The readers of my blog (or my book) already know my standing on model-driven development tools. While I appreciate the convenience to graphically model my business objects and the productivity gain it brings I believe that such tools however do not free your from the necessity to familiarize yourself with the underlying technology. Otherwise you depend on technology you have not mastered…

SAP’s model-driven Composite Application Framework (CAF) is based on standard Java 5 Enterprise Edition features and consequently uses Java Persistence API (JPA) for object-relational mapping (ORM) and data storage. These two technologies can go hand-in-hand so that you can use whatever is best-suited for your particular use-case or even use both technologies seamlessly within one project. Sounds interesting? Then let’s get it on…. 

JPA Fundamentals

While a deep-dive into JPA is certainly out of scope of this blog I guess it’s best to quickly summarize the workings of JPA up front. In principal, JPA provides an object-relational mapping functionality that allows Java developers to concentrate on Java objects without needing to worry about how to store them in the database etc. All the low-level details dealing with JDBC drivers and (Open-) SQL are shielded by JPA. The heart of JPA is the EntityManager, which provides all the life-cycle management operations (CRUD operations: create, read, update, delete). Furthermore, it also manages other aspects such as caching and transaction management.

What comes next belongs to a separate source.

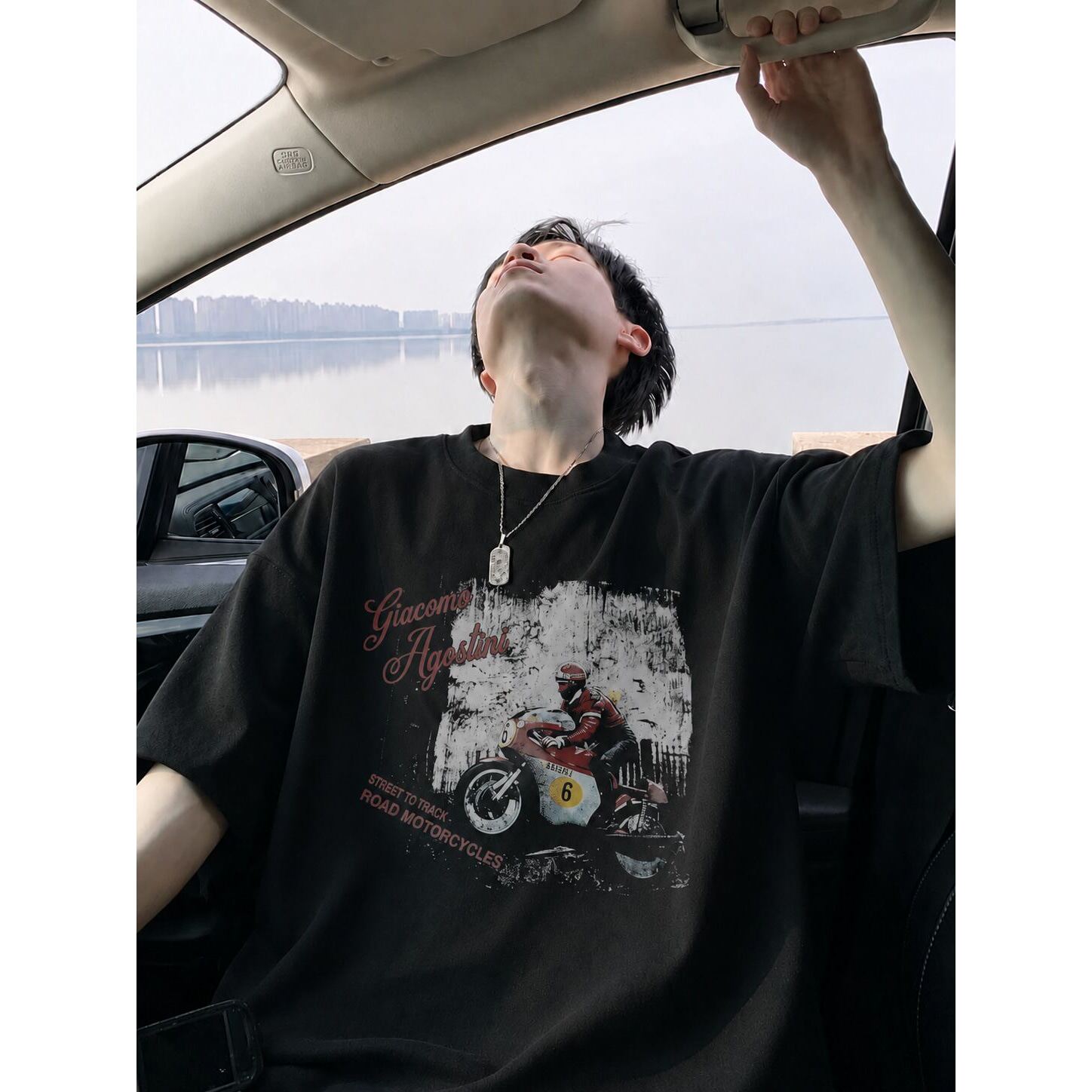 索罗娜凉感美式复古机车男T恤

The objects that are persisted are pure Java beans (POJOs), which just have been annotated with the @javax.persistence.Entity. Several more annotations come into play like @javax.persistence.Table, which specified the name of the database table. However, I’ll not get into further detail here, but instead refer you to the list of references at the end of the blog for further reading information on the topic.

CAF’s usage of JPA

The Composite Application Framework provides a design-time modeling environment as a distinct Eclipse perspective within the NetWeaver Developer Studio (NWDS). Here you can graphically model your business objects (BOs) and during generation, the necessary database tables (in the Dictionary DC) and the corresponding Java classes (within the EJB Module DC) are generated automatically. This frees the developer from all the repetitive and tedious programming of CRUD operations etc.

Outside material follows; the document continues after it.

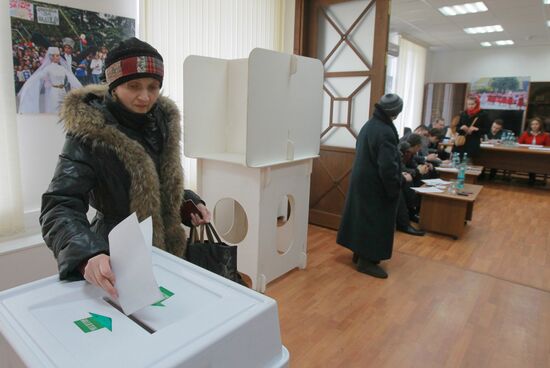 Voting booth in South Ossetia presidential election in Moscow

All this coding is generated in a separate source code folder called src, while the user generated coding resides within the ejbModule folder. In a nutshell, CAF generated a Stateless Session Bean, which acts as a facade and provides the CRUD operations. Furthermore a class with a BO suffix is generated, which is the @Entity-annotated Java Bean.

CAF generated JPA classes

Note: In earlier releases of CAF the BOs were called Entity Services, which personally I prefer over Business Object as it comes closer to their intention – in fact, CAF BOs classify as Data Access Objects (DAOs).  

Real life examples

In of of our recent custom development projects we were challenged by the requirement to parallelize Enterprise Service (ES) calls to multiple backend systems (another upcoming blog). In order to achieve this, we used asynchronous Web Service proxies to dispatch the real ES invocation and temporarily store the intermediate results. As soon as each service call returned a response the UI was notified and the data was displayed. In order to avoid unnecessary database growth (each query may return as many as up to 5000 elements) we deleted all that data once the user session terminated.

Originally we used the standard CAF-generated CRUD operations for storing, retrieving and deleting this temporarily data, yet the results did not meet our performance expectations. After analyzing the hand-crafted code we realized that there was no potential to improve the coding nor the execution speed. “So, what do to?” we asked ourselves and started further analysis.

Performance considerations when using CAF 

Now, if you think this now leads to CAF bashing or ranting, then you’re wrong. 😉 In fact, there’s nothing wrong with the design of CAF nor the JPA operation it generates. The issue is more subtle…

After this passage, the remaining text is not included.